Policy surrender and tax implications

POSTED BY nsabhyankar ON January 31, 2013 9:10 am COMMENTS (8)

8 replies on this article “Policy surrender and tax implications”

  1. Ashal

    “…as you have already completed 5Y in both these traditional plans, the surrender amount now ‘ll be tax free. As the prem. was less than the 20% of sum assured so on that count too, the tax benefit already claimed by you in past years is in tact. ”

    the rules are the other way around.

    Surrender amt tax free if prem. is less than 20% SA and 80C deductions valid if surrendered after 5 years.

    1. Skinner80 says:

      Dear sir,

      I am 56 years old, retired from Air Force.
      I purchased Max Life life partner plus limited pay endowment age 75 Plan on 13 Jan 2009. I have paid premiums of approx 40,000/ per year till 2013. I wish to surrender this policy since I require the money now. I have not paid premium due on 13 Jan 2014.
      Can you let me know:
      1. Should I pay up the premium and then surrender the policy?
      2. I have paid 5 installments and was told by someone from Maxlife to pay one more installment before surrendering to get greater benefit. Is that true?

      Kindly advice.

  2. nsabhyankar@gmail.com says:

    Thanks Ashal, clear and sensible advice as usual from you!

    The policies have a provision of ‘extended term insurance’ wherin I can buy a term insurance using the surrender cash value. There are some conditions like the term cannot exceed the policy term and should be minimum of 5 years.

    Is this a reasonable option? I have to yet enquire at the Max Life office about this in detail, so can’t say how long a term the cash values can buy. Any thoughts or comments on this?

    Or is it preferable to go for a separate term insurance policy?

  3. Dear Abhyankar, as you have already completed 5Y in both these traditional plans, the surrender amount now ‘ll be tax free. As the prem. was less than the 20% of sum assured so on that count too, the tax benefit already claimed by you in past years is in tact.

    My take – please redeem your full money & invest in a lump sum & at the same time, start investing the saved prem. also.

    Please do purchase an adequate term cover for yourself, at least 15 times of your yly income.

    Thanks

    Ashal

  4. The surrender amount will be taxable since the premium (assuming it is annual) is more than 20% of the surrender amount

    See:

    http://elagaan.com/income-tax-blogs/what-you-must-know-about-tax-impact-surrender-insurance-policy

    For 30% tax you will loose about 15000. If this make you uncomfortable, make them paid up.
    The most important thing to do is to stop paying premiums and invest according to the time frame of your goals and your risk appetite.

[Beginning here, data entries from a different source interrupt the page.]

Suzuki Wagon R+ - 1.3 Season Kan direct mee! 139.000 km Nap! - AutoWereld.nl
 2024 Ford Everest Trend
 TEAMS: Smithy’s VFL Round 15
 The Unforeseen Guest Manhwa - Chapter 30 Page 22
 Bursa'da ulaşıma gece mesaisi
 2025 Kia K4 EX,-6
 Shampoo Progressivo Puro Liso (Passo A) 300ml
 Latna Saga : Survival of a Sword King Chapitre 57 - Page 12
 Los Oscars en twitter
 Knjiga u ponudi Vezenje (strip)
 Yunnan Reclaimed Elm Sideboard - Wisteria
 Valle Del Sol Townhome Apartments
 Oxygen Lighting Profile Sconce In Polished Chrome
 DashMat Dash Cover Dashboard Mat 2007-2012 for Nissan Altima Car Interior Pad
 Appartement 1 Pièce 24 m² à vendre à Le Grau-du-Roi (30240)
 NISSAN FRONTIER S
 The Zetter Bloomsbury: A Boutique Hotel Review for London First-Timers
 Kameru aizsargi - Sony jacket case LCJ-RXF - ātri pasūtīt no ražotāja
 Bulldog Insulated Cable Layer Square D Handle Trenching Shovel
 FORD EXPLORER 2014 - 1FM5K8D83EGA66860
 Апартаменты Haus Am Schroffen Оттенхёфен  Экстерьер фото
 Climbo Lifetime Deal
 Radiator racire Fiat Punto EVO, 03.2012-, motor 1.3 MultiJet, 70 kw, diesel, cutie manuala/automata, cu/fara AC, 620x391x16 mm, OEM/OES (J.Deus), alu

  5. Dear Abhyankar, what’s your query?

    Thanks

    Ashal

    1. nsabhyankar@gmail.com says:

      I am not sure what happened to the text I entered! Sorry for the inconvenience, here is the query:
      I have two policies from Max New York all started in January 2008. I am in the grace period of premium payment due this year but am advised to surrender as these are not useful. I would like to know if it is better to surrender the policies or make them paid up and what would be the tax implications of the surrender. I have paid 5 annual premiums and 2013 completes 5 years counting 2009 as the first.
      Following are the policy details:
      1. Whole life participating, Modal premium: 10103, sum insured: 546735, premium due up to year 2084, surrender value: 18,774
      2. Life partner plus – limited pay endowment to age 75 (participating) 20 Pay Plan, Modal premium: 15155, sum insured: 225395, premium due up to year 2027, surrender value: 30,438

      Kindly let me know if any more details are needed for an informed decision.
      Thanks a lot

      1. My earlier reply is incorrect. If the premium is less than 20% of sum assured then the surrender value is tax free. I had understood it incorrectly. Sorry for the inconvenience.

        You could surrender them and invest them elsewhere for your goals depending on their time frame and your risk appetite.